Je n'ai pas changé: malgré le cortège des secondes quotidiennes rythmé "boulot-métro-dodo" et les übersexuels qui m'entourent au travail, je suis toujours capable de dérouler ma petite larme devant un bon film sentimental, lovée dans le cercle parfait des bras de mon homme. Hier soir, ARTE, en chaîne européenne responsable de l'harmonie psychique individuelle, projette donc le film d'Ang Lee, "Raisons et Sentiments". C'est toujours un plaisir pour moi de regarder un réalisateur chinois évoluer avec des classique occidentaux cités comme des références en la matière: l'exercice inter-culturelle n'est pas facile et notre Ang Lee national s'en sort très bien.

L'histoire de ce couple de soeurs Marianne/Elinor est somme toute assez banale: la première aime et souffre toujours avec ostentation et s'insurge contre toute forme de relation amoureuse dénuée de passion et de transport. La deuxième, l'aînée, Elinor (jouée par une Emma Thomson lumineuse) est tout aussi sensible mais dissimule ses émotions sous le poids de la réserve que lui a conféré son éducation et sa nature discrète. Ces deux soeurs aux caractères fort différents vont tantôt être l'élève de la raison, tantôt celui des sentiments. Elles sont parfois aidées du destin, il y aura parfois des larmes.

J'ai toujours été sensible aux concepts tels que "temps", "choix" (le choix est d'ailleurs l'acte au monde qui ressemble le plus au suicide) ou encore du fameux "effet papillon" (comprendre les conséquences imprévisibles de nos actes et paroles).
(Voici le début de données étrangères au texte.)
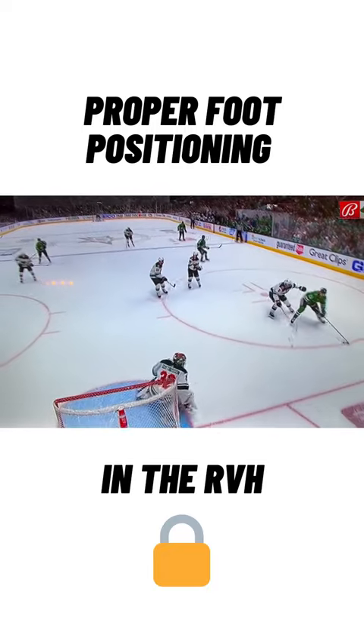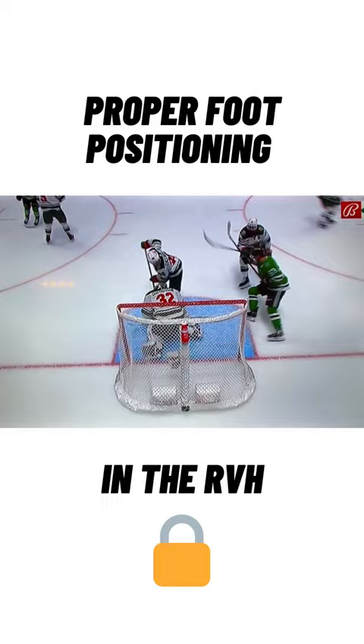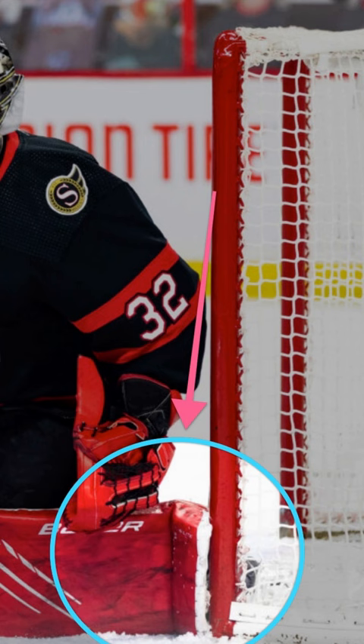This is an example of proper foot positioning in the RVH, and it's one of the most important things about using the RVH. What we see Gustafson doing here in this clip is getting a perfect toe lock on his blocker side and then later on his glove side. The first reason why you want to have your toe locked like that is to seal off the bottom of the ice.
Ce qui me fascine, ce sont les gens et le tissage si délicat des liens humains. Je n'aime pas les facilités, les choses toutes faites. Ce que j'aime, c'est découvrir les failles, les nuances, les amortisseurs. Nous sommes toutes enclines à nous poser des questions graves. Mais au fond, sommes-nous aussi courageuses que nous le prétendons? Et si nous le sommes, le destin peut-il être compatissant et nous donner un petit coup de pouce?

L'amour n'est pas une fatalité aux éclats trompeurs. Mais ce qui est malheureux, ce n'est pas tant le manque de chance que le manque de courage qui émane de certains esprits. J'admire ceux qui possèdent cette détermination à vouloir le mieux à la place du bien. Pour ma part, je crois fortement que, si les destins entrelacés sont au-delà de notre compréhension, le fait d'encourager un amour naissant, de lui donner ses chances de s'épanouir, tient de notre volonté et de la nôtre seule. L'amour est une probabilité, ce que nous en faisons après le point de rencontre, c'est de notre ressort. Nul ne peut se charger d'écrire les pages de votre vie à la place de votre propre plume.